▶ Work required
Please transcribe exactly the lines from the first line of the records below through the line containing "Light pink low", including both, and omit all pictures.

▶ Saved entries
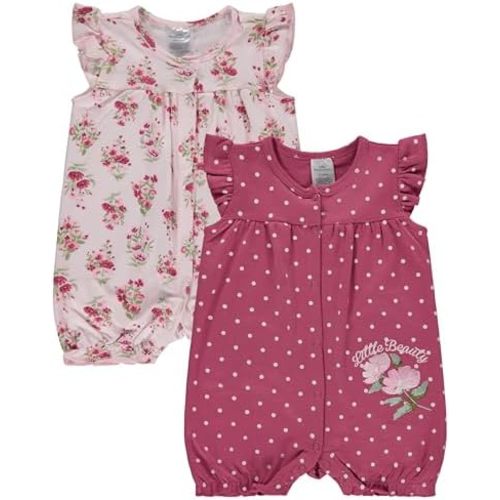 Cudlie 2-Pack Baby Girl Rompers – Soft Cotton, Everyday Comfort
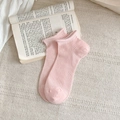 Light pink low cut cotton socks with ribbed knit texture and stylish rolled cuffs - One Size / Pink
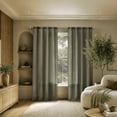 thumbnail image 6 of No. 918 Anders 2-pack Faux Linen 3-in-1 Versatile Hanging Semi-Sheer Back Tab/Rod Pocket Curtain Panel Pair with Ring Clips, Olive, 37"W x 84"L (2 Panels), 6 of 8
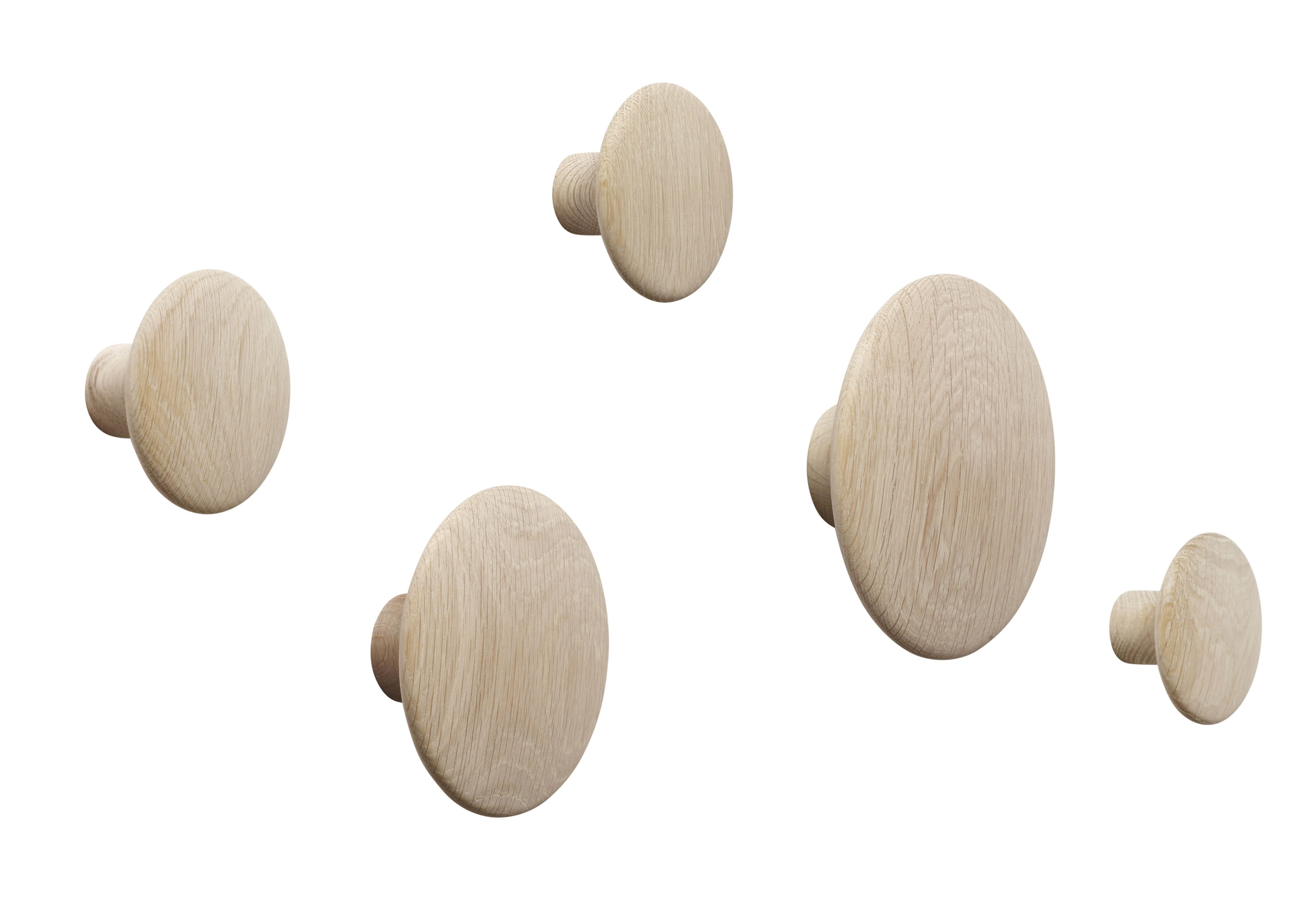 Muuto Dots Wood Coat Hooks (Set of 5)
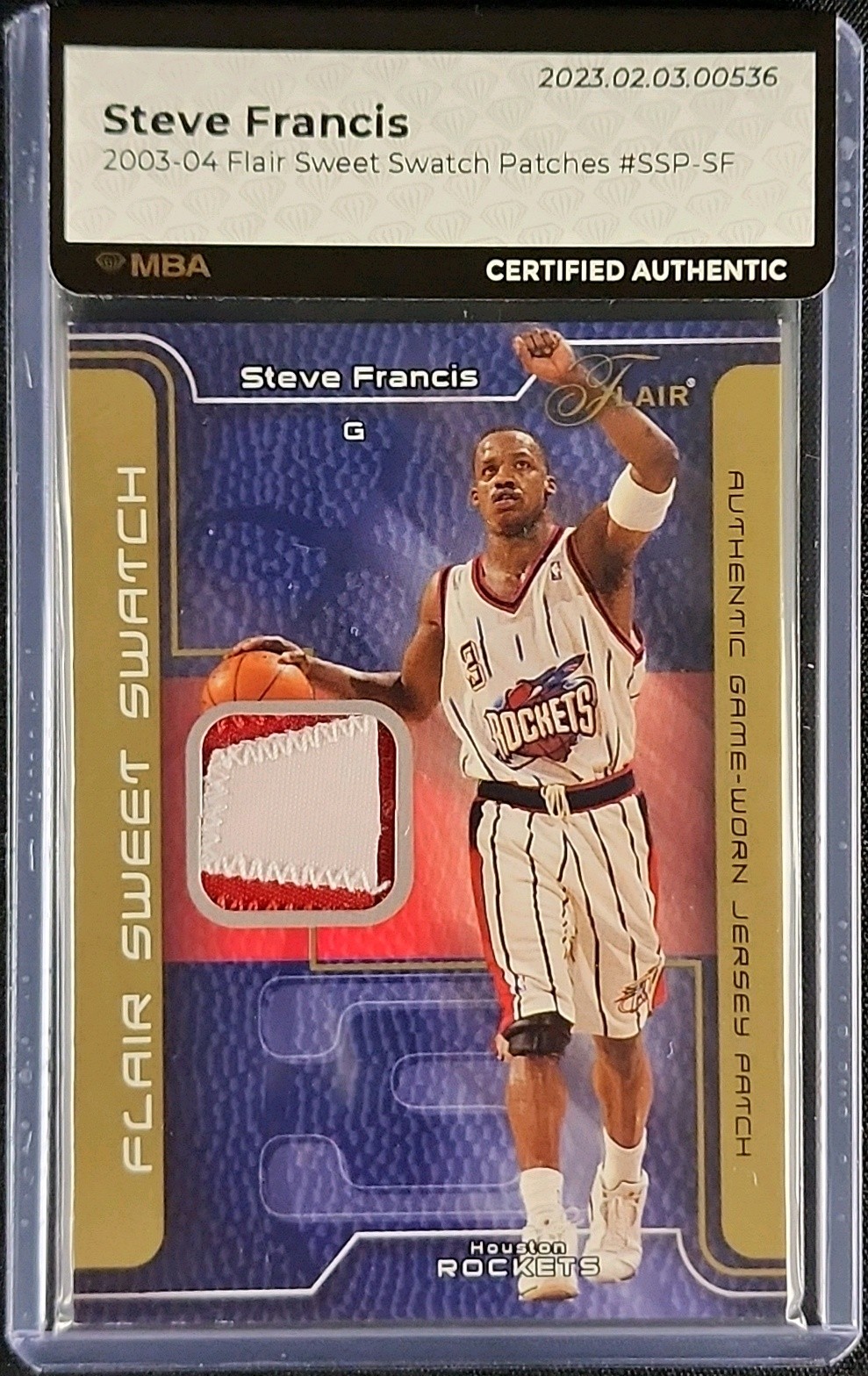 2003 Flair Sweet Swatch Steve Francis PATCH /50 #SSP-SF MBA AUTH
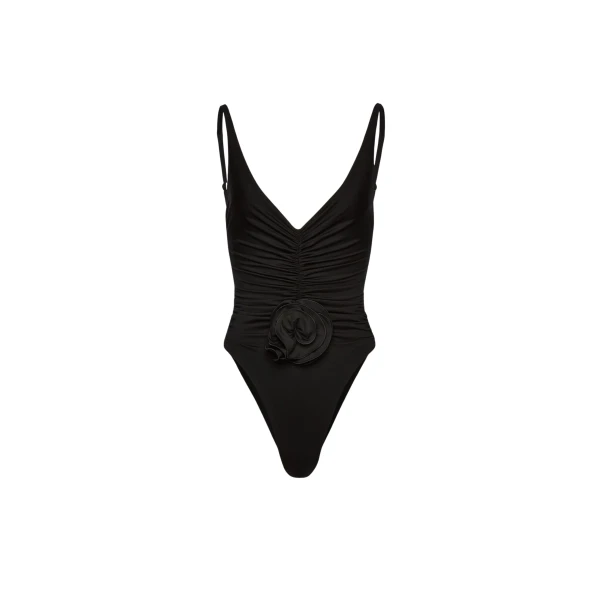Magda Butrym Ruched flower swimsuit in black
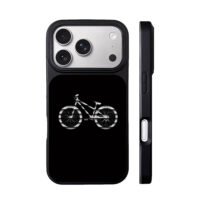 Silver BMX bike silhouette on black iPhone 17 Pro Max Black Case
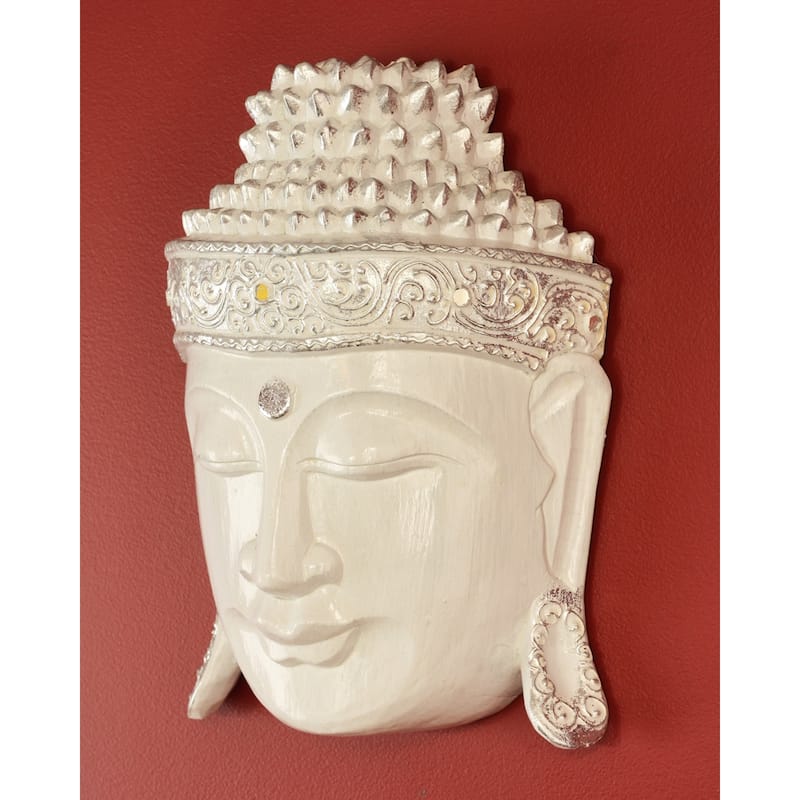 12" Wooden Wall Mask Serene White Buddha Head Statue Hand Carved Sculpture Handmade Figurine Gift Home Décor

▶ Exercise response
 Cudlie 2-Pack Baby Girl Rompers – Soft Cotton, Everyday Comfort
 Light pink low cut cotton socks with ribbed knit texture and stylish rolled cuffs - One Size / Pink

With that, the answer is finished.